Middleware Performance: Using JWT Sessions to Eliminate DB Round-Trips

Middleware Performance: Using JWT Sessions to Eliminate DB Round-Trips

Release: v0.1.82 · Tracking: PERF-13

Background

The sanctions screening platform protects routes using NextAuth's auth() helper, called inside src/middleware.ts on every non-public request. This is correct and necessary — unauthenticated users must never reach protected compliance data.

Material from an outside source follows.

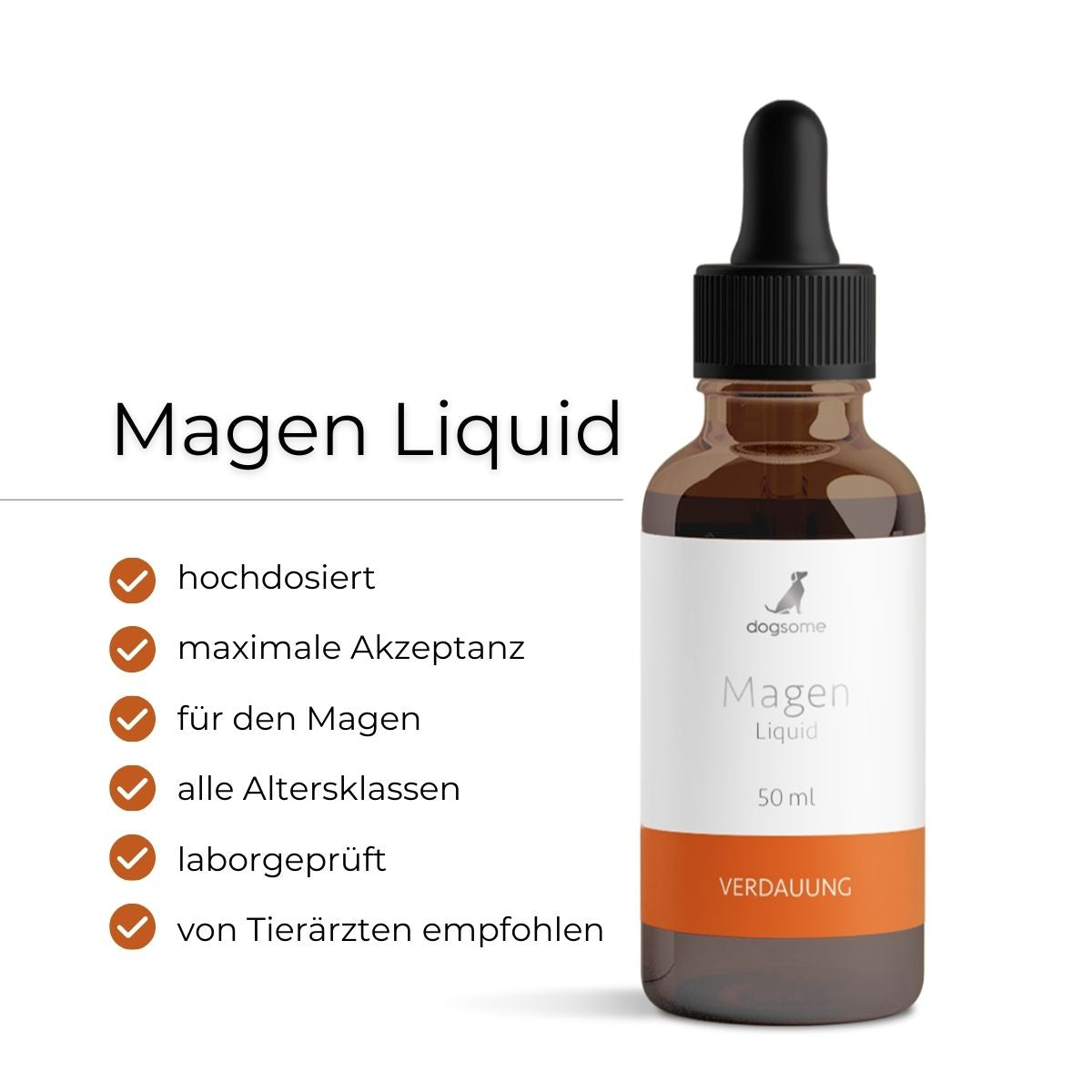 dogsome Magen Liquid Flasche von vorne. Vorteile hochdosiert, maximale Akzeptanz, für Magen & Darm, alle Altersklassen, laborgeprüft und vom Tierarzt empfohlen.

However, the way NextAuth resolves a session in middleware has a significant performance implication depending on the configured session strategy.

The Problem

When NextAuth is configured with database sessions (strategy: 'database'), the Drizzle adapter must perform a database lookup on every call to auth(). Because middleware.ts runs on every non-public request — including page navigations, prefetches, and API calls — this means:

  • Every page load for an authenticated user hits the database at least once before the page handler runs.
  • Under moderate traffic, this compounds into a significant volume of session-lookup queries.
  • Edge middleware has strict CPU and latency budgets; a synchronous DB call is particularly costly in this environment.

The Recommended Fix

Switch NextAuth to JWT sessions. With JWT, the session is encoded in a signed, encrypted cookie that is verified locally in the Edge runtime — no database call is required.

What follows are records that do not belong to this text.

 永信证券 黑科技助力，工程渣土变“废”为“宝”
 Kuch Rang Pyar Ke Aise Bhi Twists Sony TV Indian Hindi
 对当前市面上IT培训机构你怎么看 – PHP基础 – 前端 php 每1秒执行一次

// src/auth.ts (or wherever NextAuth is configured)
export const { handlers, auth, signIn, signOut } = NextAuth({
  // ...providers, adapter, etc.
  session: {
    strategy: 'jwt', // ✅ stateless — no DB round-trip in middleware
  },
});

With this change, auth() in middleware reads and verifies the JWT cookie locally, and the Drizzle adapter is only consulted during sign-in and explicit session refresh operations.

If Database Sessions Are Required

Some deployments require database sessions — for example, to support immediate session revocation. In that case, consider introducing an Edge-compatible session cache:

  1. Upstash Redis — A serverless Redis offering with an HTTP-based client (@upstash/redis) that works in the Edge runtime.
  2. Cache the session record keyed by session token with a short TTL (e.g. 60 seconds).
  3. Fall back to the Drizzle DB lookup on a cache miss.

This approach retains revocation capability while dramatically reducing average-case DB load.

Affected File

FileRole
src/middleware.tsNextAuth auth() called on every protected request

Summary

StrategyDB call in middleware?Supports instant revocation?Edge-compatible?
database (current)✅ Yes — every request✅ Yes⚠️ Costly
jwt (recommended)❌ No⚠️ Delayed (until JWT expiry)✅ Yes
database + Edge cache❌ Usually not✅ Yes (within TTL)✅ Yes

For a compliance platform where session security is critical, JWT sessions with a short expiry (e.g. 15–30 minutes) combined with refresh token rotation is the recommended approach.